With greater intensity as the summer days get hotter, the
president has been
declaring that the climate is its hottest
in 500 years while the vice president has said evidence of
global warming is
"piling up" week after week.
But in each case, they are leaving out key facts,
according to climate experts:
* While Mr. Clinton is using newly reviewed
2,000-year-old
Chinese weather and crop data to make his case for
global warming, he is only looking back 500 years, a time of the
sharply cooler
"mini-Ice Age," and ignoring the data showing that the
world was warmer than now.
* Mr. Gore's charge last week that
"the evidence of global warming keeps piling up, month after
month, week after
week," was made without the obvious context that the calendar
is moving into the dog
days of summer.
* The government office in charge of temperature readings
claims accurate data
only goes back 100 years.
"It's getting silly," said Thomas Gale Moore, a former
member of President Reagan's Council of
Economic Advisors.
"Next they'll be saying it's significantly warmer today than
six months ago [in
January]." he added.
"This is what they usually do, play with the
data. Depending on where you start and stop, you can make the data
say what
you want," said S. Fred Singer, president of the Science and
Environment Policy Project.
"The public are still not wise to it," he added.
The administration has been using the heat wave to build
its case for a global
warming
treaty that would sharply reduce industrial pollutants and provide
money to
study the issue and educate the public on global warming.
Mr. Clinton and the vice president have referenced global
warming at each
campaign stop. They have suggested global warming is to blame for
the fires in
Florida and a recent
heat wave despite climate experts claiming it is an aftereffect of
El Nino and
its summer cousin La Nina.
Mr. Gore, for example, held a recent press conference to
blame the daily
summer temperature increases on global warming - not the arrival of
late
July and August, commonly the hottest time of the year.

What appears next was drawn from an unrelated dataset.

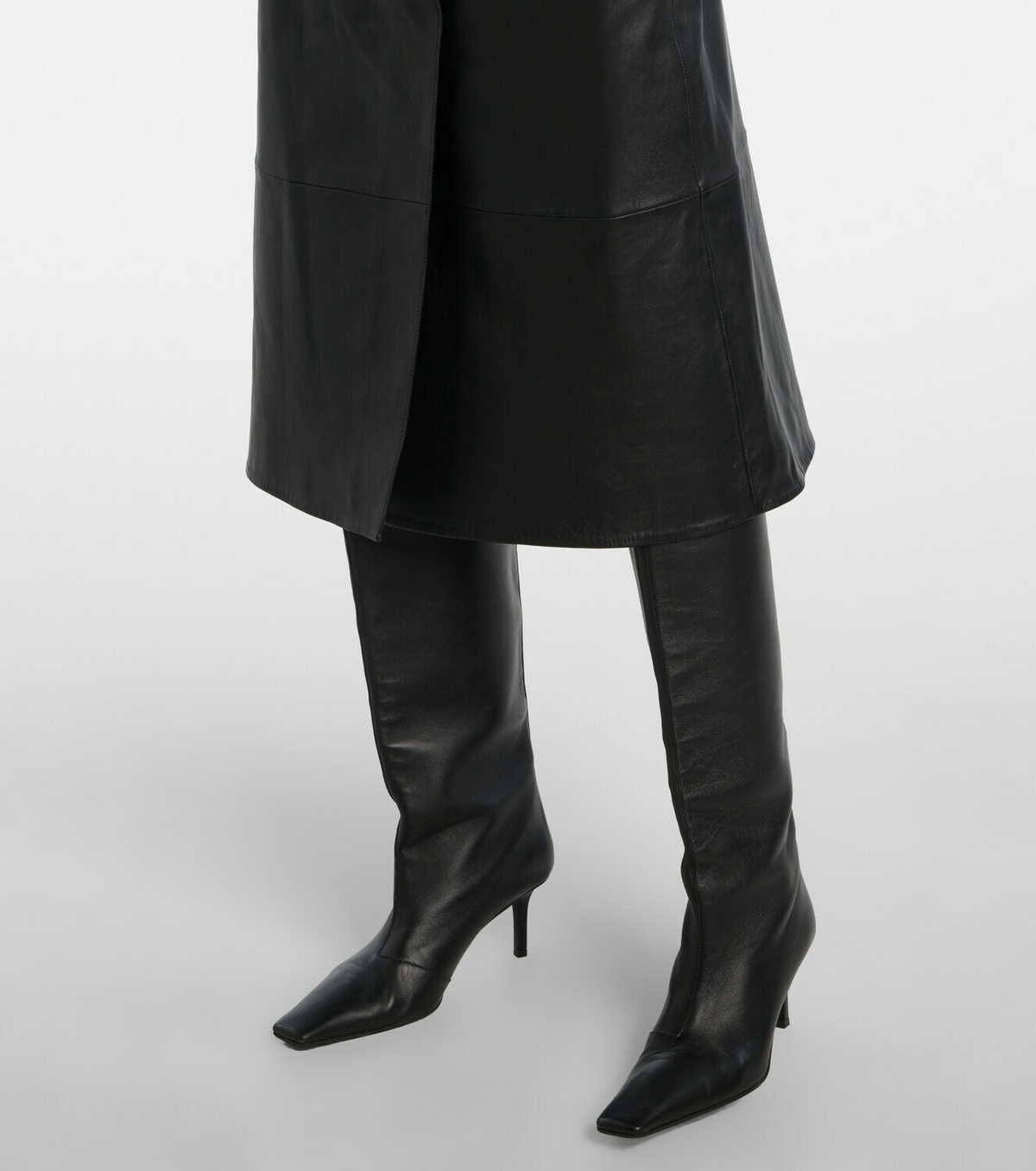 Yves Salomon Leather midi skirt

"Usually the climate does warm in the middle of July. That's
normal," said Mr. Moore.
The president increased his focus on global warming after
returning from
China, where he claimed to have received data dating back to the
15th century
showing temperature increases
on the globe.
Speaking at a July 9 Miami Democratic fund-raiser at the
home of film star
Sylvester Stallone, Mr. Clinton said,
"When I was in China, I was reminded that one of the reasons
we have weather
records going back hundreds of years is that the Chinese weather
people - what we now call meteorologists - have literally been
keeping detailed
records since the 15th century. And we now know that the five
hottest years
recorded since the 1400s all have occurred in the 1990s - every one
of them."
A week later, he told a gathering of Girls Nation,
"There is ample evidence
now that what my wonderful vice president has been saying for years
and years
and years is true: that the climate of the globe is warming at a
rate which is
unsustainable, which will lead us to more extreme weather
conditions. We now
have records going back over 500 years which we can use to measure
what the
temperature was on this planet."
Here to host a weekend retreat of major Democratic donors,
he said early
yesterday:
"This is not a game. We cannot afford to go into denial about
this."
Elliot Diringer, spokesman for the Council on
Environmental Quality, said the
president was referring to soil samples and tree-ring data.
"That type of evidence does suggest climate change effect in
that region," he said.
What Mr. Clinton didn't say, however, is that the Chinese
have kept crop and
weather data for over 2,000 years.
According to that information, the weather was warmer
2,000 years ago than it
is today.
Mr. Moore,
in his new book
"Climate of Fear," said Europe and China were unusually
warm from about 800 to 1300. After that,
a
"mini-Ice Age" occurred in the 15th century, dropping
temperatures some two to four degrees
below those of the 20th Century.
"If you start then, there's no doubt that the world has
warmed since," he said.
"They just conveniently pick their starting point at the
coldest period," Mr. Moore said.
"You can't do that in science."
Mr. Singer said the Chinese data doesn't give
temperatures because the
thermometer wasn't invented until 1632. He said the data instead
shows what
crops were
grown and at what altitudes.
Tom Ross of the National Climate Data Center said accurate
temperature data
collected by the federal government goes back only 100 years.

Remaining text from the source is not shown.